Madeline L. (Boenker) Short – ACO Communications and Vendor Relationships, Manager
BA in Communication, Texas A&M University, ’09 (specialty: Speech Communication);
MA in Communication, Texas A&M University, ’11 (specialty: Health Communication/Media Campaigns)
1. Why did you decide to attend college?
It was the “logical next step” because I greatly enjoyed school, was not ready to join the workforce, and was ready for self-exploration! My parents always emphasized that “a college degree would get your foot in the door – you’d have to work less to earn more.” So, off I went…even though A&M rejected me the first time around. I eventually got in after a few semesters at a junior college.
2. What were some of the challenges you faced as a first-generation college student, and how did you overcome them?
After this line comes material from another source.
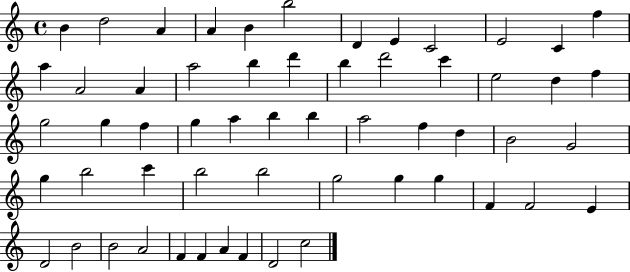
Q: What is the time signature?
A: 4/4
One of my largest challenges was the feeling that my parents didn’t understand the various stressors and pressures that I felt on any given day (most of which were internal). Looking back, I didn’t give them enough credit – the workforce is WAY harder than college. My challenges were related to time-management, setting realistic expectations for performance, and managing multiple competing priorities. I always found mentors (older college students) who could help pat me on the back and calm my nerves. I liked the wisdom provided by my experienced pals. But mostly, I just did the best I could to independently overcome any challenges. For instance, I would read extra chapters if my dyslexia was slowing me down in preparation for the following week.
I was very fortunate that my folks paid for my undergraduate degree and gave me time to focus solely on my college career. All in all, my challenges were more emotional and intellectual than financial.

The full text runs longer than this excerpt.